Le concept de « prosumer » – un utilisateur qui consomme et qui produit – n’est pas nouveau, en particulier dans le secteur des services. C’est le cas des voyageurs invités à s’enregistrer en ligne et à imprimer leur carte d’embarquement à la maison, mais aussi des utilisateurs qui mènent directement leurs transactions en ligne sans faire appel à un conseiller bancaire. Toutefois, jusqu’à tout récemment, ce mouvement ne touchait pas le secteur manufacturier, dont la structure traditionnelle tendait à éloigner les consommateurs du procédé de production. Avec l’impression 3D, cependant, le phénomène du prosumer atteint une ampleur sans précédent dans l’industrie manufacturière. Les consommateurs ne sont plus de simples clients : ils contribuent au processus de production et co-créent un produit avec l’entreprise.

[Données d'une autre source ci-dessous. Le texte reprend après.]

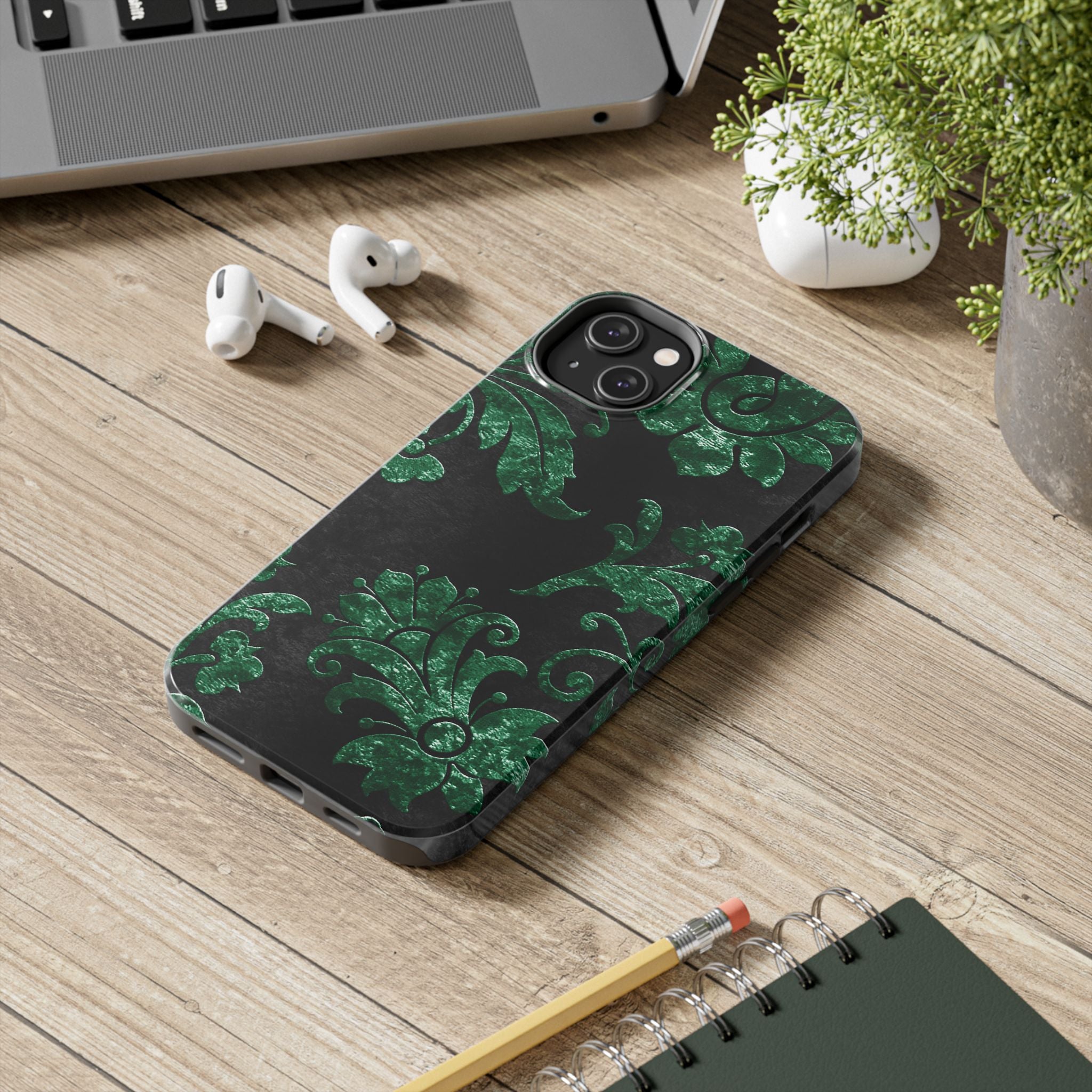 embossed-emerald-velvet-tough-iphone-case-protective-iphone-cover-heavy-duty-iphone-case-rugged-phone-case-durable-smartphone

Aujourd’hui, nous ne pouvons guère que spéculer sur la façon dont l’industrie sera transformée par cette participation nouvelle des consommateurs au processus de production. La fabrication traditionnelle ne sera pas perturbée dans son intégralité : certains domaines resteront évidemment dominés par la logique des économies d’échelle et de la production de masse. Mais pour un grand nombre de produits, nous pourrions assister à une grande transformation dans la production, avec une restructuration du processus de production et des consommateurs encouragés à saisir les nouvelles opportunités offertes par la fabrication numérique des entreprises. On pourrait voir émerger un secteur manufacturier « hybride » – quelque part entre les productions traditionnelles et l’additif – qui facilite une connexion encore plus profonde entre les mondes physique et cybernétique.